Allá a donde queremos ir

La Petite Mort

Miles Davies suena a todo lo que da. El aniversario de una canción que no recuerdo cómo se llama. ¿Cómo se supone que deba recordar una canción que tiene más de cincuenta años, si ni recuerdo que acabo de hacer? Todo es difuso. El humo también se eleva. El sudor queda impregnado en el ambiente. Como dirían por ahí, todo huele a sexo. El vino se agota. No importa, todavía hay más abajo, la sed crece.

Ella callada, siempre está callada. No hay dialogo, creo que fallamos en reconocernos. Boris Vian me invade, espero que esto le haga descubrir a un alguien un algo de él, como el buen Boris decía. Quiero convertirme en perro, no llego a lobo; saldría corriendo a la calle. A ver si alguien me atropella.

Todo huele a sexo. Las colillas se van amontonando en el cenicero. Hay podredumbre en el cuarto. Una luz mortecina domina el cuadro, mientras que el zumbido de la instalación eléctrica acompaña a Miles. En este remolino de emociones, me pierdo. No sé cuál sea mi dirección, no sé a dónde voy.

He muerto pero no he muerto. He muerto pero he regresado. Por un instante me perdí. Por ella y gracias a ella. Instantes fugaces que se combinan entre la luz, los sonidos, el humo, los olores y el alcohol. Ahora la sed me invade, tomo un trago enorme de la botella; vino barato, no hay nada mejor.

Mientras ella duerme en la cama desvencijada esperando al amanecer, yo me contemplo en el espejo de enfrente: desnudo con un cigarro en la boca y la botella en la mano. ¿Y si la mato? ¿Y si me mato yo?

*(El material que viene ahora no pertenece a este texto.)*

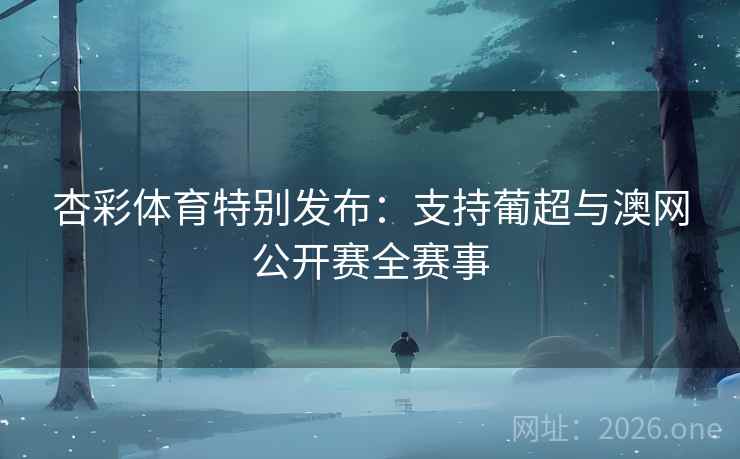 杏彩体育特别发布：支持葡超与澳网公开赛全赛事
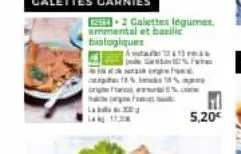 1254-2 galettes légumes. emmental et basilic biologiques  apran  xej  for  g  %.fa  5,20€ 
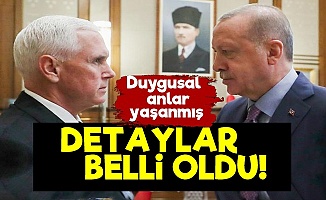 Erdoğan-Pence Görüşmesinde Detaylar Belli Oldu!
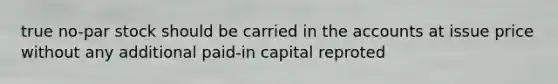 true no-par stock should be carried in the accounts at issue price without any additional paid-in capital reproted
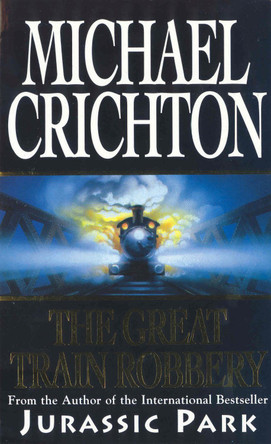 The Great Train Robbery by Michael Crichton 9780099482413 [USED COPY]
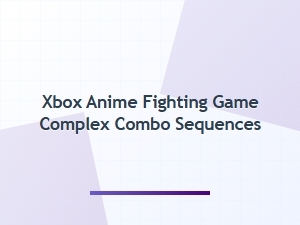 Xbox Anime Fighting Game Advanced Combo Techniques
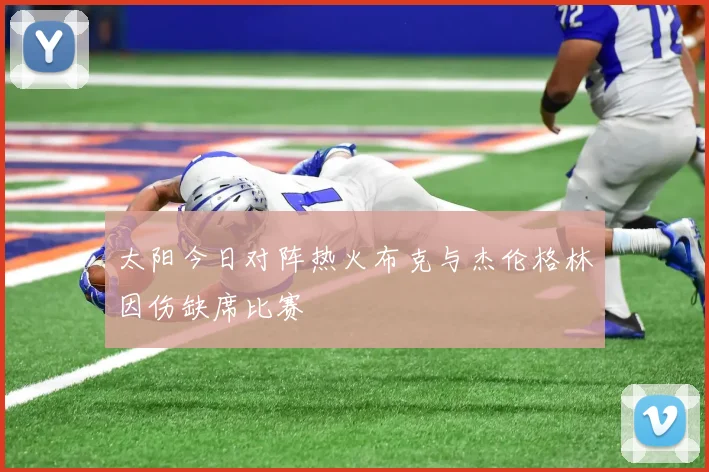 太阳今日对阵热火布克与杰伦格林因伤缺席比赛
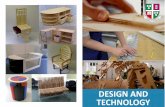 DESIGN AND - woodhousegrove.co.uk€¦ · outlets leading to discussion affecting the students own design project work. DESIGN AND TECHNOLOGY Pupils will follow the new EdExcel Design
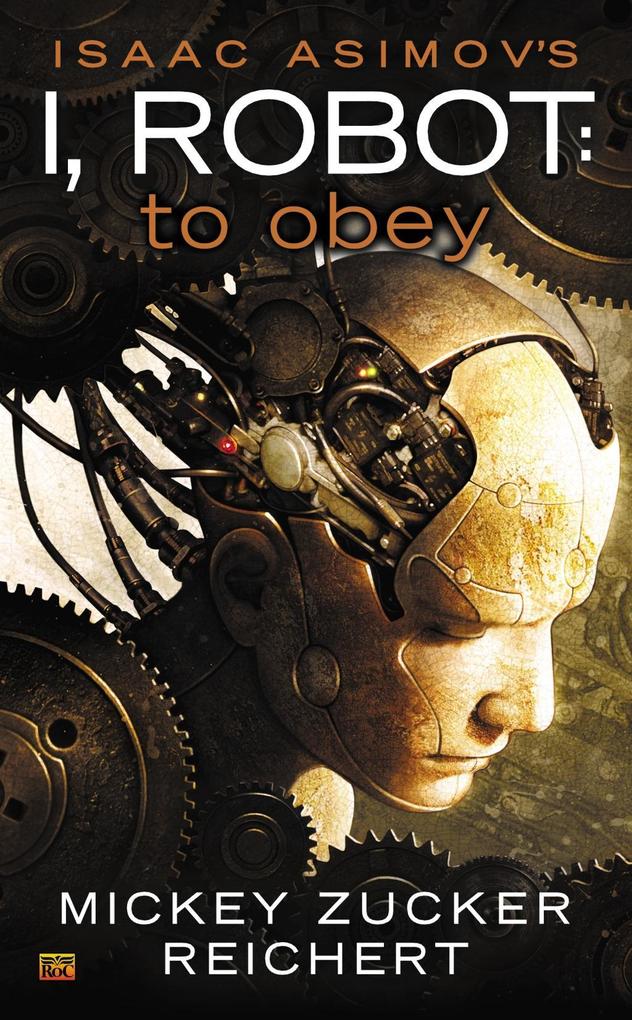 Isaac Asimov‘s I Robot: To Obey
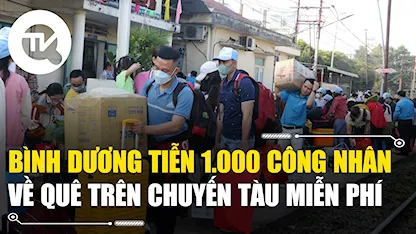 Bình Dương tiễn 1.000 công nhân về quê trên chuyến tàu miễn phí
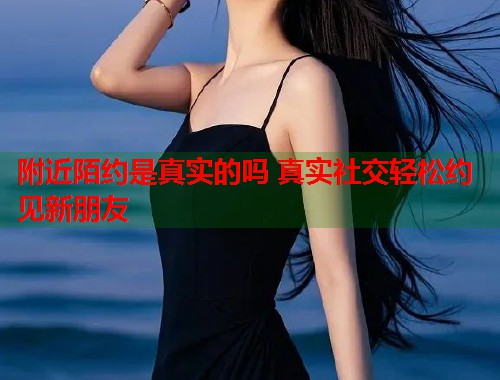 附近陌约是真实的吗 真实社交轻松约见新朋友 第2张 附近陌约是真实的吗 真实社交轻松约见新朋友 第2张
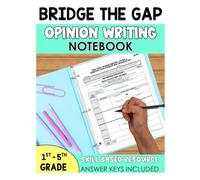 Bridge the Gap: Opinion Writing Workbook: Differentiated Persuasive Writing Practice for Grades 1-5 (Writing Bridge the Gap Workbooks)
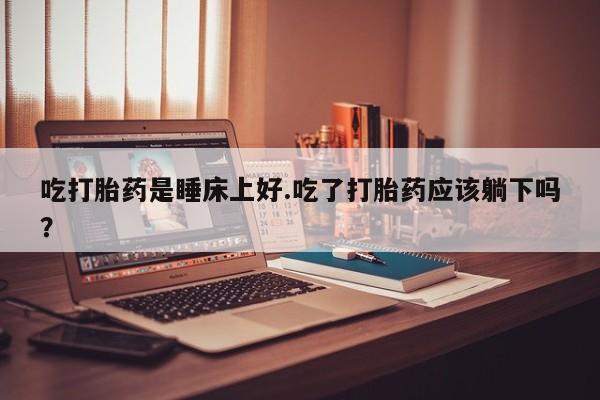 米非米索使用吃打胎药是睡床上好.吃了打胎药应该躺下吗？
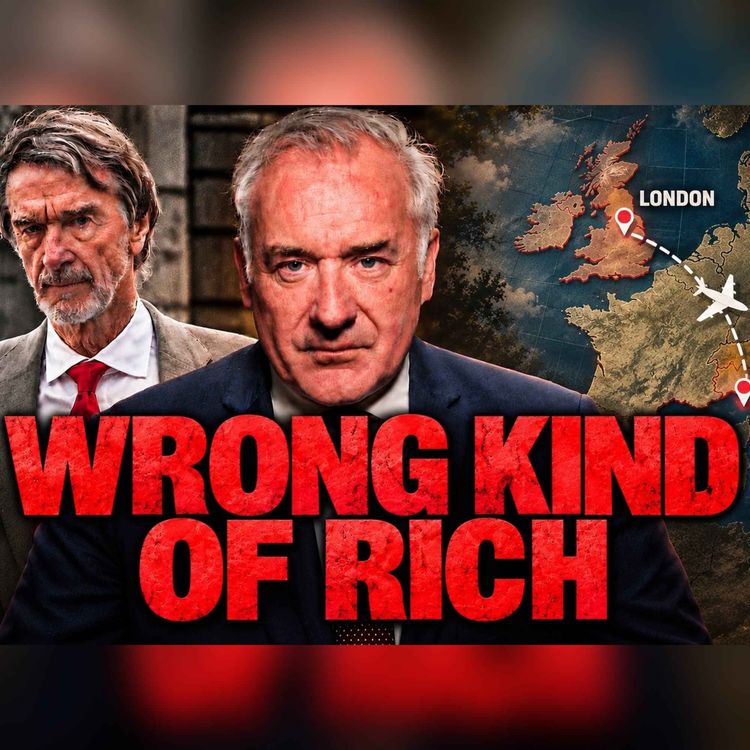 cover art for Why Labour Hates Self-Made Men Like Jim Ratcliffe
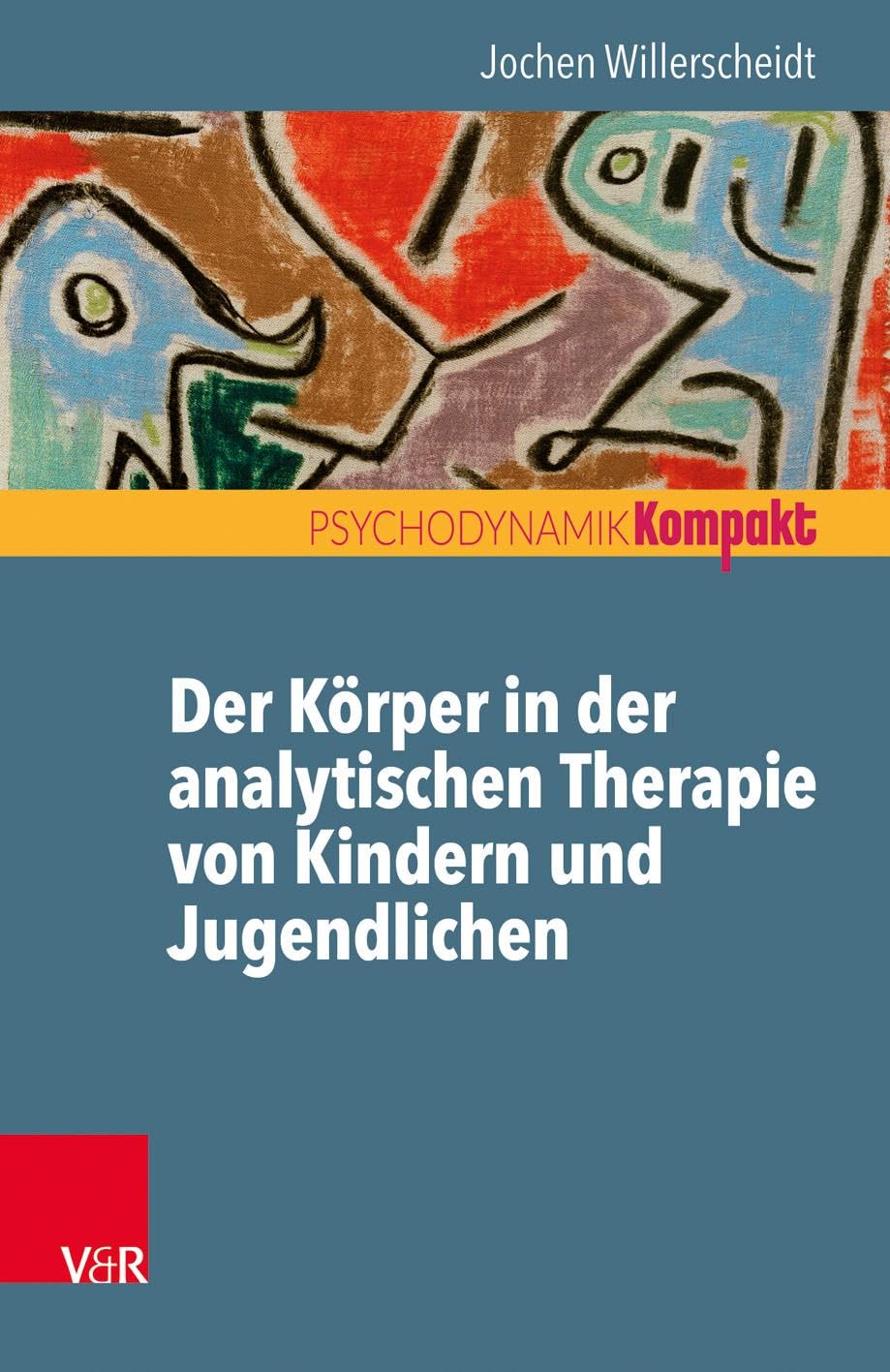 Der Körper in der analytischen Therapie von Kindern und Jugendlichen book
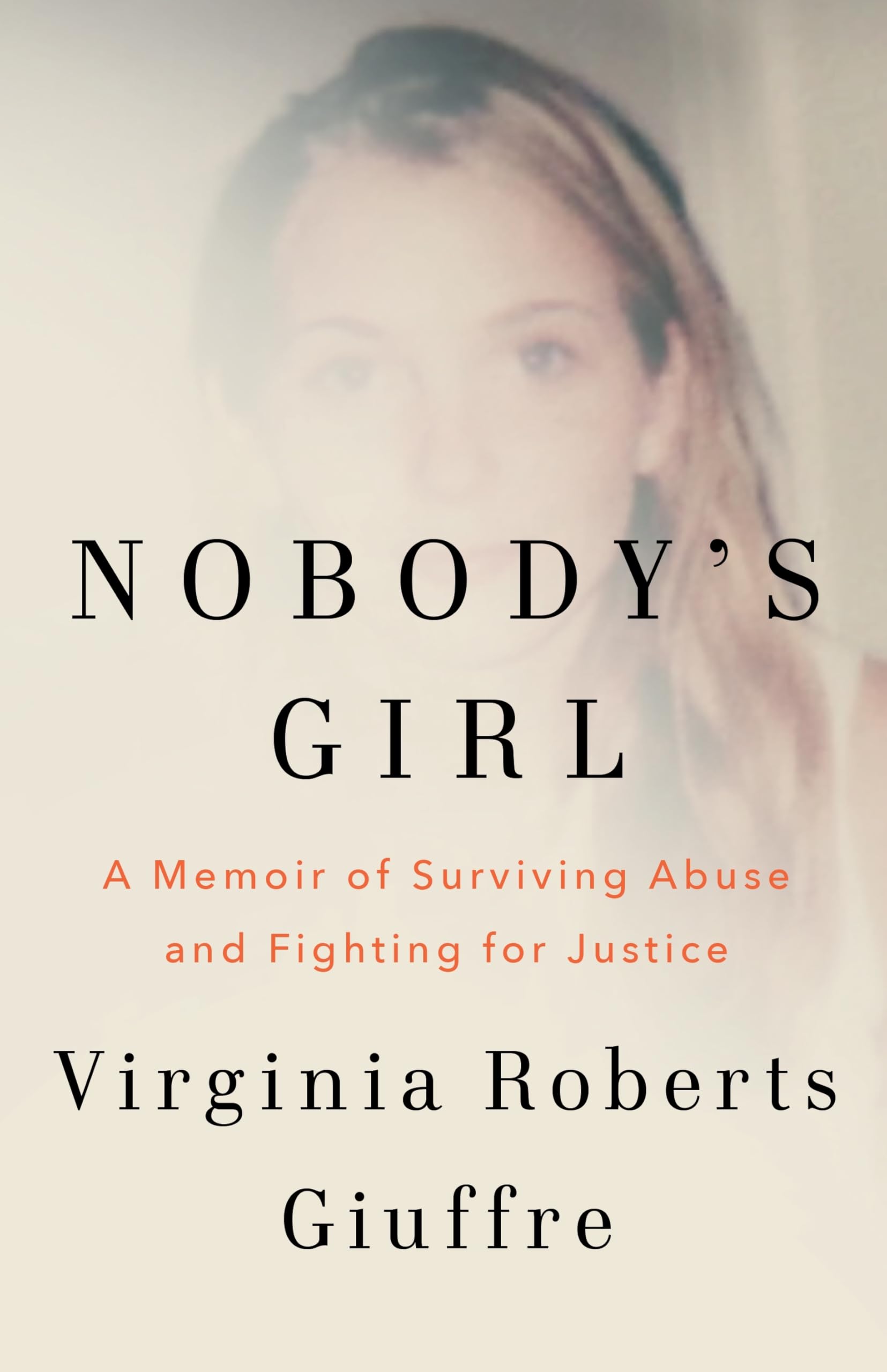 Roberts Giuffre, Virginia - Nobody's Girl: The Unforgettable Memoir | Hardcover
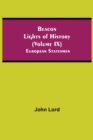 Beacon Lights of History (Volume IX) : European Statesmen - Book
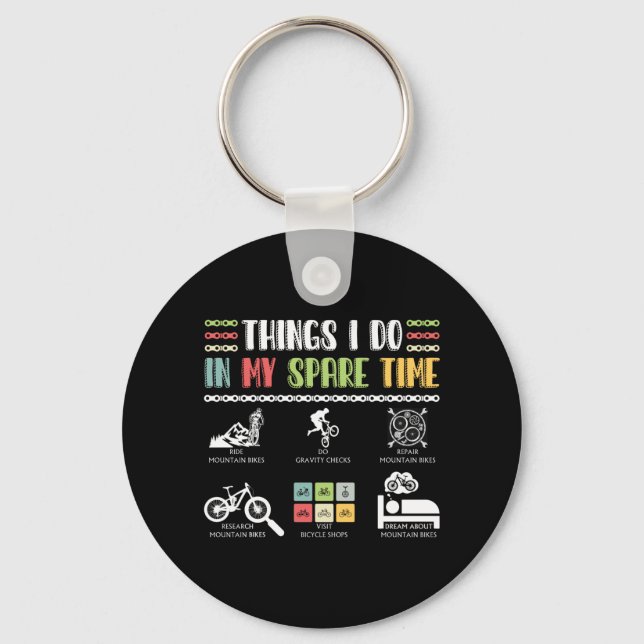Things I Do In My Spare Time - MTB Mountain Bike Key Ring (Front)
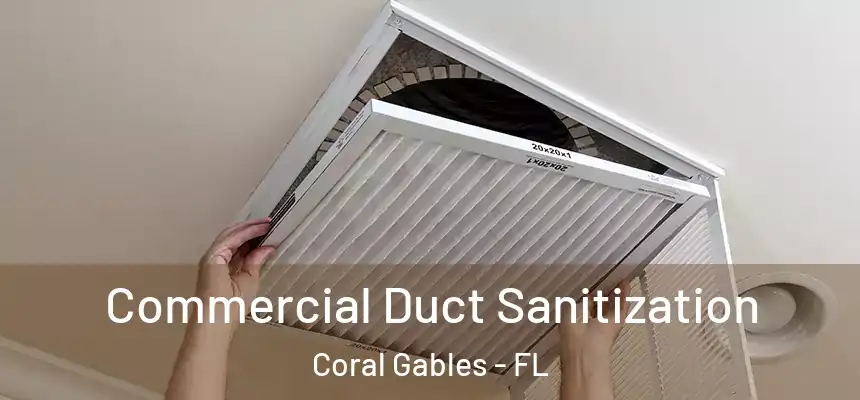 Commercial Duct Sanitization Coral Gables - FL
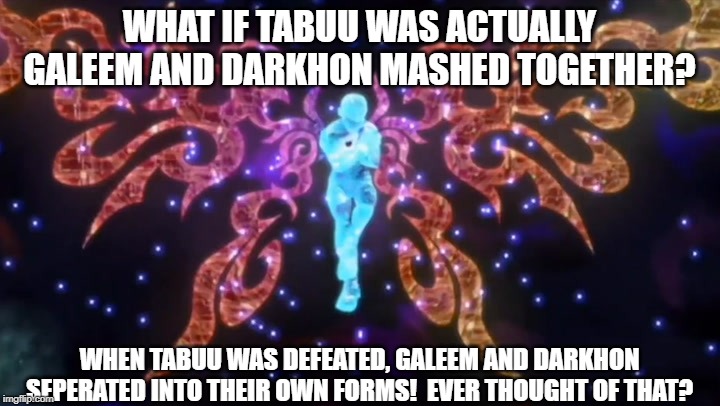 WHAT IF TABUU WAS ACTUALLY GALEEM AND DARKHON MASHED TOGETHER? WHEN TABUU WAS DEFEATED, GALEEM AND DARKHON SEPERATED INTO THEIR OWN FORMS!  EVER THOUGHT OF THAT? | made w/ Imgflip meme maker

Al menos haría algo nuevo, pero, ¿qué caso tiene matarme o matarla? Si todo aquí ya está muerto.

Al fin lo descubro…He muerto….No regresé….La decadencia a mi alrededor lo justifica. Esta podredumbre no es escenario, por el contrario, emana de mí. He muerto y me he llevado lo que está a mí alrededor….Inclusive a ella. La he asesinado en un arrebato de la carne. Nunca regresamos. El orgasmo fue la muerte. Pensé que habíamos regresado a estados anteriores, pero no fue así. Únicamente quedaron cuerpos vacios, sin el soplo de vida.

La muerte es la ausencia de vida y la vida es ausencia de placer. Sólo la vida es más llevadera con esas pequeñas muertes placenteras. El orgasmo es una de esos pequeños placeres. No esperamos el orgasmo sino el momento que viene después de este. Ese momento donde nos unimos con el todo y si somos todo, entonces no somos nada. Sólo existimos, no pensamos y todo fluye. El momento mágico de la no conciencia. No regresamos a nuestros cuerpos, nuestras almas quedaron en la verdad absoluta.

Esa muerte pequeña se ha vuelto eterna. Ahora debo cargar con la culpa de haberla sacado de este mundo. Aunque, puede que le haya hecho un favor. Haber aliviado la insoportable y duradera muerte que es vivir.

De nuevo me invádela sed. Me acabo la botella de vino. Puede que morir no sea tan malo. Al fin y al cabo me he liberado, ya nada importa. Me podré dedicar únicamente a escribir y existir en una no vida. Creo que esto es bueno, ahora de verdad me permitiré escribir como lo que soy, un muerto que camina.